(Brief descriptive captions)
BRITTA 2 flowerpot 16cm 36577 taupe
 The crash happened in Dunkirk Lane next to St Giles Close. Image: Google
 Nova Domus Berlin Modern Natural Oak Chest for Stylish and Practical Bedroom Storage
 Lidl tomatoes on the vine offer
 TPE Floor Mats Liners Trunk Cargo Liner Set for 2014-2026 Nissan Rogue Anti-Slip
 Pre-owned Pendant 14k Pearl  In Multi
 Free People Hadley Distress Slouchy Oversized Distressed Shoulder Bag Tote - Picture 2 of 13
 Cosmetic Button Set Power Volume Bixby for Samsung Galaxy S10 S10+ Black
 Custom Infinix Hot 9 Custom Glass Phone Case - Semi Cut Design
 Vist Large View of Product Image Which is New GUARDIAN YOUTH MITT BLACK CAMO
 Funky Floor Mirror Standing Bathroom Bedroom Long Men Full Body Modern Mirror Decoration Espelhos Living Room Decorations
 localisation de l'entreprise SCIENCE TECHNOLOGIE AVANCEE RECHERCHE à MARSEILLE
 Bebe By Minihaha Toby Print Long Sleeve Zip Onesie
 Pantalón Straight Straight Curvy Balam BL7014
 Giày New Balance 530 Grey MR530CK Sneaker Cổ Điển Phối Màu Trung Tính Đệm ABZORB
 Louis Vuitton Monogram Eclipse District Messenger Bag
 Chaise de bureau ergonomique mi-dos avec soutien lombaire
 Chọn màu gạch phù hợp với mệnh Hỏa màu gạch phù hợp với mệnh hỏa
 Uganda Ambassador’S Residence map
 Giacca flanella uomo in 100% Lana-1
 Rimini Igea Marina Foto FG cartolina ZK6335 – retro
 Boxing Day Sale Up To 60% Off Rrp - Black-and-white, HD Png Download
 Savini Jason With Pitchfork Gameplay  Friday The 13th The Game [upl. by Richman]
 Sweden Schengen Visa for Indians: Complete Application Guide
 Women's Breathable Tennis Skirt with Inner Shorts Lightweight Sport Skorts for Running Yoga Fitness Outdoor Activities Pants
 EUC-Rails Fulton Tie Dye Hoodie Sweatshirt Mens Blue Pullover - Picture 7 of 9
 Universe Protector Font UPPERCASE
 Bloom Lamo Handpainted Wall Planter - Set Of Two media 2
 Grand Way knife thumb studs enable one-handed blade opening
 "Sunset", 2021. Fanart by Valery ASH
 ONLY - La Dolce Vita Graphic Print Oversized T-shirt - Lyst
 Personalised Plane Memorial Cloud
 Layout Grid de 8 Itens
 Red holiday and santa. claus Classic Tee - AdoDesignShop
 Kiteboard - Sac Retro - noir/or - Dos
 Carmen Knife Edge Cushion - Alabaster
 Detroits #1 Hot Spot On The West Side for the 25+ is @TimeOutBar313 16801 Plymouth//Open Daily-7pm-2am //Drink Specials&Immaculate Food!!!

* Your goal *
In the entries above, copy the lines from the one that contains "Kiteboard - Sac Retro - noir/or - Dos" through the last line, exactly as they appear.

* Solution for this exercise *
 Kiteboard - Sac Retro - noir/or - Dos
 Carmen Knife Edge Cushion - Alabaster
 Detroits #1 Hot Spot On The West Side for the 25+ is @TimeOutBar313 16801 Plymouth//Open Daily-7pm-2am //Drink Specials&Immaculate Food!!!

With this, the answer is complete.